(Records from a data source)
※ ※ ※

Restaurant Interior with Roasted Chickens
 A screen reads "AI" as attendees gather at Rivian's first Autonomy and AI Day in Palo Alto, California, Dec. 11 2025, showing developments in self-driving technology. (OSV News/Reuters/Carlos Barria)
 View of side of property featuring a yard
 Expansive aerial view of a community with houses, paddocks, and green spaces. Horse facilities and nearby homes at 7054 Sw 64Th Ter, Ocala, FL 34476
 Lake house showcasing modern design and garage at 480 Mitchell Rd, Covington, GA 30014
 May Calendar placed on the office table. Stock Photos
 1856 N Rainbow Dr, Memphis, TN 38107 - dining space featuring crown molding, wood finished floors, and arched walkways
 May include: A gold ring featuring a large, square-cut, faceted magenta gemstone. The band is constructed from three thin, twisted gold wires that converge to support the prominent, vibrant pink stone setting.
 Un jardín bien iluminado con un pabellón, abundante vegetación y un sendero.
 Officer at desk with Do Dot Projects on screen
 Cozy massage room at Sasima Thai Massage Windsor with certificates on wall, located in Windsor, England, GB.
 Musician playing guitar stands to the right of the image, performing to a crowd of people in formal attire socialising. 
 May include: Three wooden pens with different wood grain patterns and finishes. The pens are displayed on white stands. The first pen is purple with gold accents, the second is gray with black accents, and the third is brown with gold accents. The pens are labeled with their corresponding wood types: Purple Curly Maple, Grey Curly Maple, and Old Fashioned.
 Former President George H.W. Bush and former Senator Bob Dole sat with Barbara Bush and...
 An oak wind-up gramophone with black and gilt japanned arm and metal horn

※ ※ ※

■ Exercise brief
Beginning at the line above with "May Calendar placed" and finishing at the line with "Musician playing guitar", return each line exactly and return nothing else.

■ Response area
 May Calendar placed on the office table. Stock Photos
 1856 N Rainbow Dr, Memphis, TN 38107 - dining space featuring crown molding, wood finished floors, and arched walkways
 May include: A gold ring featuring a large, square-cut, faceted magenta gemstone. The band is constructed from three thin, twisted gold wires that converge to support the prominent, vibrant pink stone setting.
 Un jardín bien iluminado con un pabellón, abundante vegetación y un sendero.
 Officer at desk with Do Dot Projects on screen
 Cozy massage room at Sasima Thai Massage Windsor with certificates on wall, located in Windsor, England, GB.
 Musician playing guitar stands to the right of the image, performing to a crowd of people in formal attire socialising. 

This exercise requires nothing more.